Just then Moose strolled in, with a big thermos of coffee in his hands. Anna’s father froze. Many of the other men looked on expectantly, maybe hopefully. And Moose? He said nothing. He just strolled to the table, opened his thermos, and took a big swig of what you could smell was coffee as black and strong as a proper-made iron I-beam. Anna’s father looked at the coffee, as he hadn’t had any yet himself.
“Now that’s good, that is!” Moose said. “It puts some life in you, it does.” And just then one of the guys still on shift poked his head around the corner and yelled at Anna’s father.
“Hey, you! Come down to the main office, they said there’s something wrong with your time sheet.”
“What dumbness is this?” Anna’s father said. “There’s nothing wrong with my time sheet!”
“Fine, then you’re the one who’s going to lose money.”
At those words he almost flew out the door with a squawk. And as soon as he left, Moose looked down the hall outside the lunch room. When he was gone, Moose went to the sink and poured all his coffee down the drain. Then he took a bottle of some thick, black liquid out from his pocket and poured it into his thermos. Then he set it down on the table, turned to the other men, and said, “If any of you say anything to him when he gets back I’ll turn you upside down and bounce your heads off the floor.” Then he went into a little room off to the side and closed the door most of the way.

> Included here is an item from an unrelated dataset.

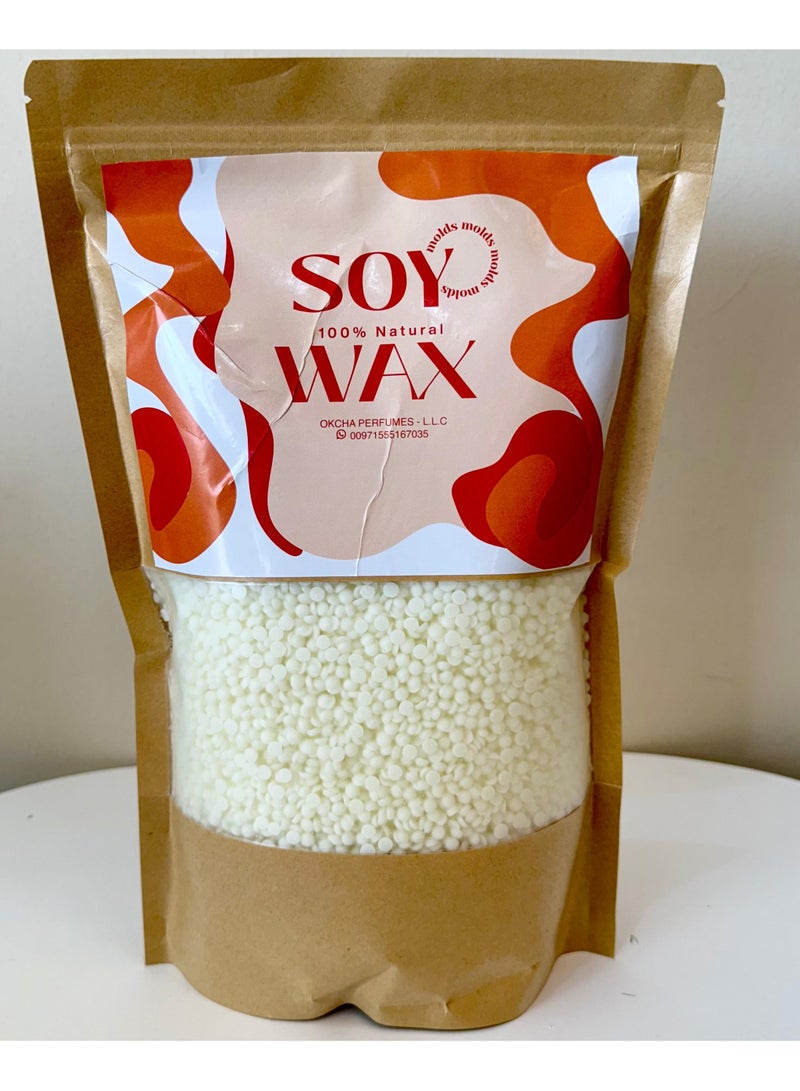100% Natural Soy Wax Pellets for Molds – High Purity & Perfect for Candle Pouring (1 KG)  - Image 1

“Come on, Hinkle,” Zeke said to my Dad, “whatever is about to happen, we don’t want to see it.” Zeke got up and left and Dad went after him. On their way out they passed Anna’s father. He went by them the other way, cursing and grumbling.
Dad found out later what happened. When Anna’s father got back to the lunch room, not seeing Moose anywhere he grabbed his thermos and took a big drink -- right before he doubled up and began heaving all over the floor. At that point Moose stepped out from his little room and laughed until he rolled on the ground. The stuff he’d put into the thermos was industrial blacking, and it’s apparently very poisonous. Anna’s father was taken off to the hospital where he spent the next three days on his back, too sick to do anything but let the doctors pour everything from castor oil to mustard and milk down his throat to get the poison out. It didn’t kill him, but he wished it had. Especially when he got out to find out that his daughter had left old Mister Tom (when she explained the whole thing to him, he sadly let her go off with her boyfriend); and when Anna’s father got back in to work he found out that old Mister Tom had asked his neighbors -- the company management, remember? -- to make his job a little more demanding for him. So much so that after a few weeks he left and they never saw him again.
Nobody on the Ingot Mold crew was sorry, either.
The next few tales will be lighter in tone than this, I swear.